RECORDS SHOWN
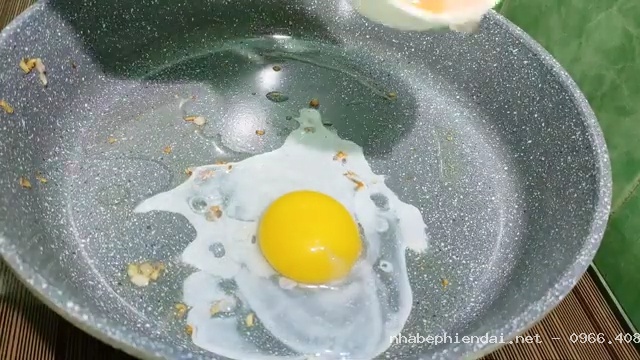 Cách làm trứng chiên nước mắm cấp tốc rất ngon, đậm đà đưa cơm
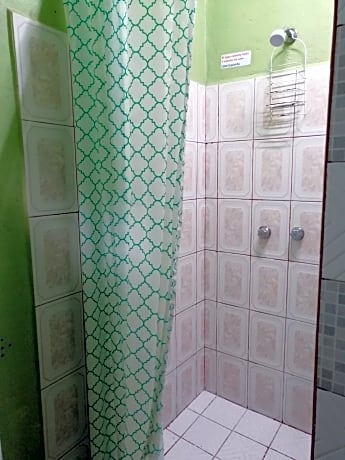 Hostal Maple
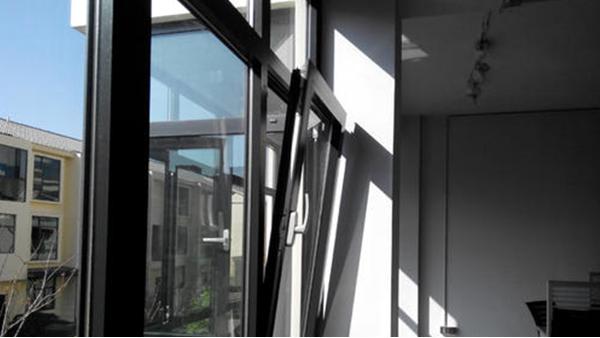 都2020年了，你還在與高端門窗談價格，和低端門窗談質(zhì)量？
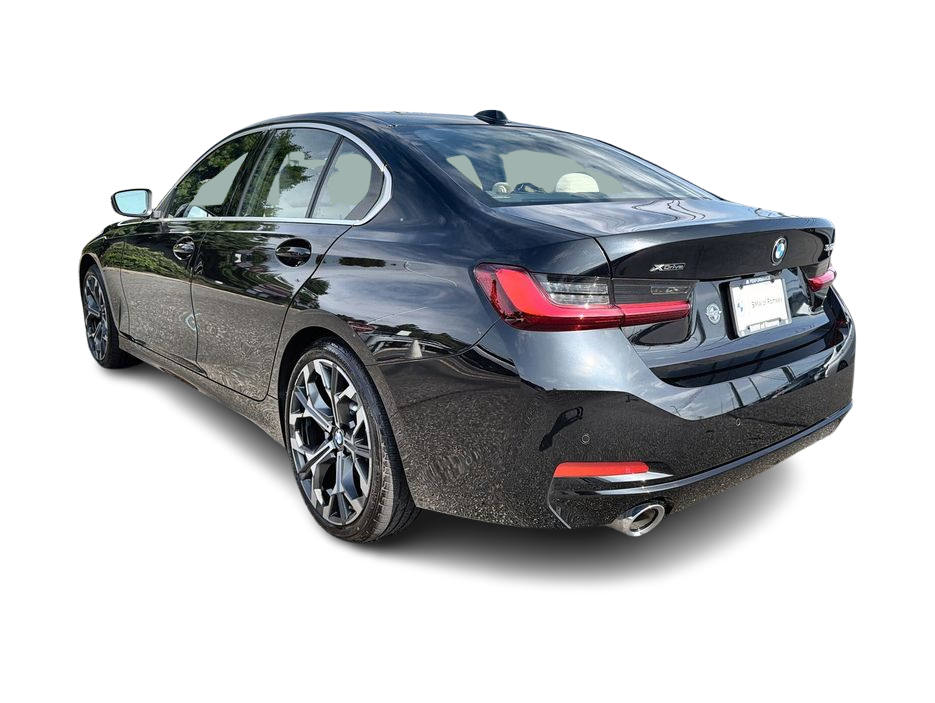 Thumbnail: 2026 BMW 3 Series - 24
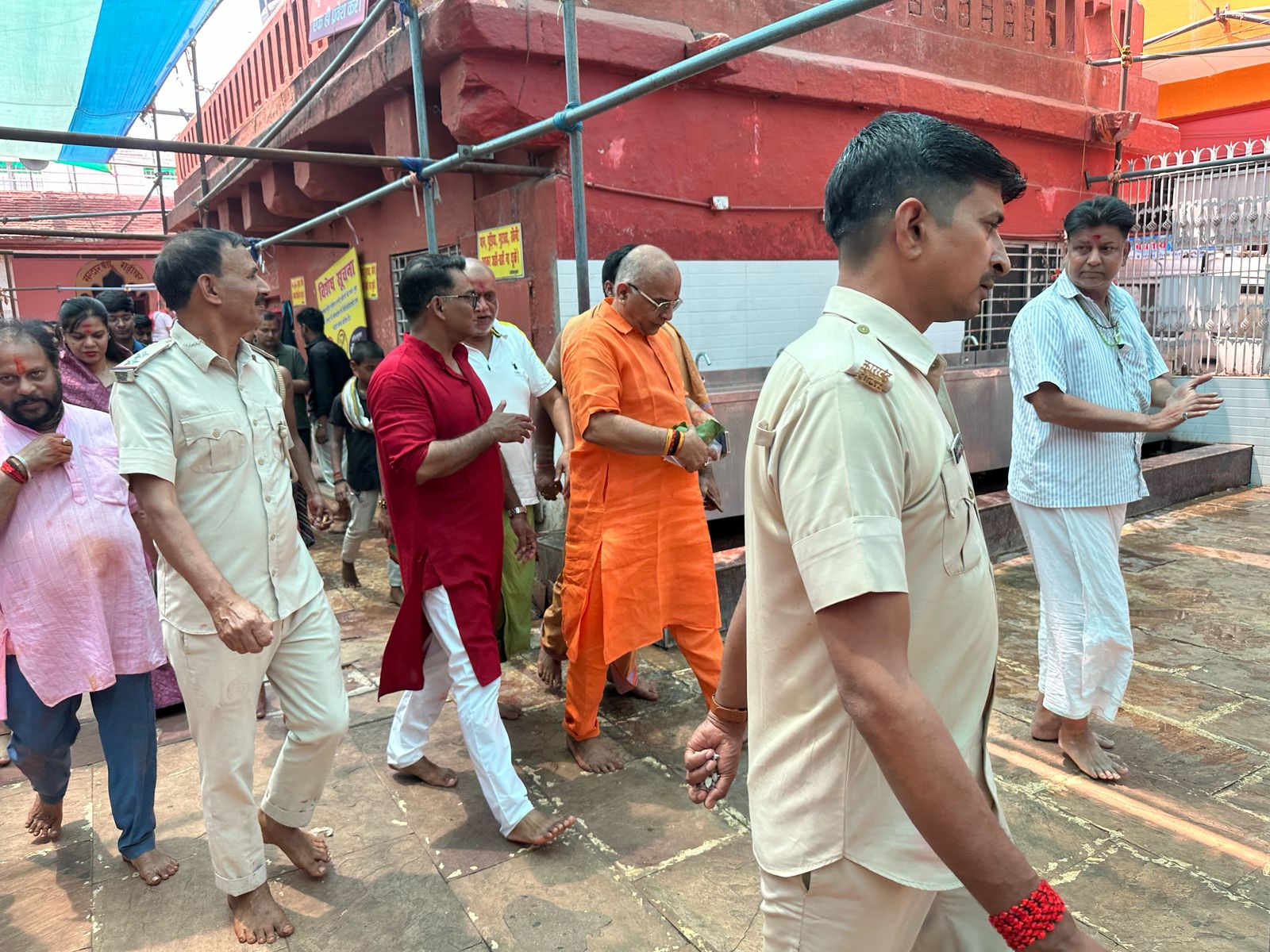 Deoghar : डीसी ने रामनवमी पर बैद्यनाथ मंदिर में श्रद्धालुओं की सुविधाओं का किया निरीक्षण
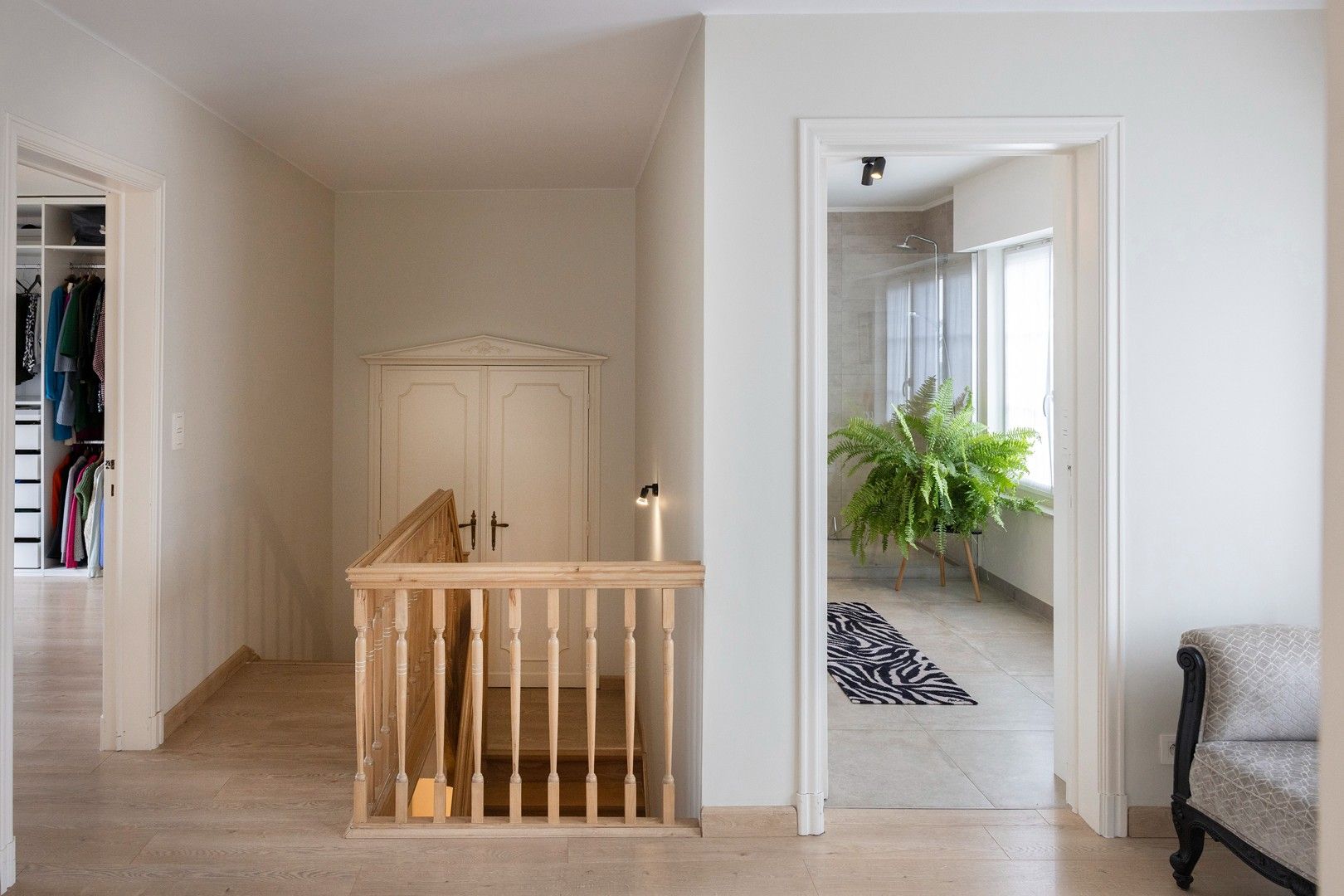 Grote woning met 4 slpks, 2 badks, ... foto 10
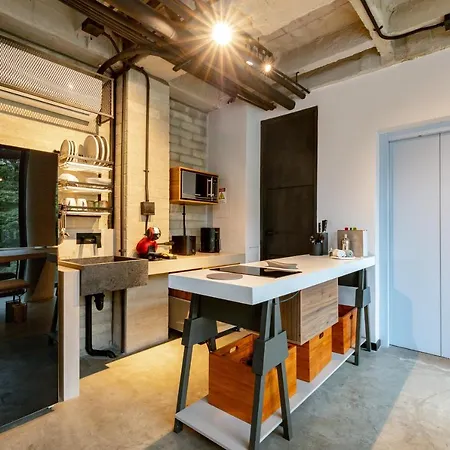 Stylish Urban Hotel In Provenza - Viu Experience-2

PROBLEM DETAILS
Output the entries verbatim, skipping images.

FINAL ANSWER
 Cách làm trứng chiên nước mắm cấp tốc rất ngon, đậm đà đưa cơm
 Hostal Maple
 都2020年了，你還在與高端門窗談價格，和低端門窗談質(zhì)量？
 Thumbnail: 2026 BMW 3 Series - 24
 Deoghar : डीसी ने रामनवमी पर बैद्यनाथ मंदिर में श्रद्धालुओं की सुविधाओं का किया निरीक्षण
 Grote woning met 4 slpks, 2 badks, ... foto 10
 Stylish Urban Hotel In Provenza - Viu Experience-2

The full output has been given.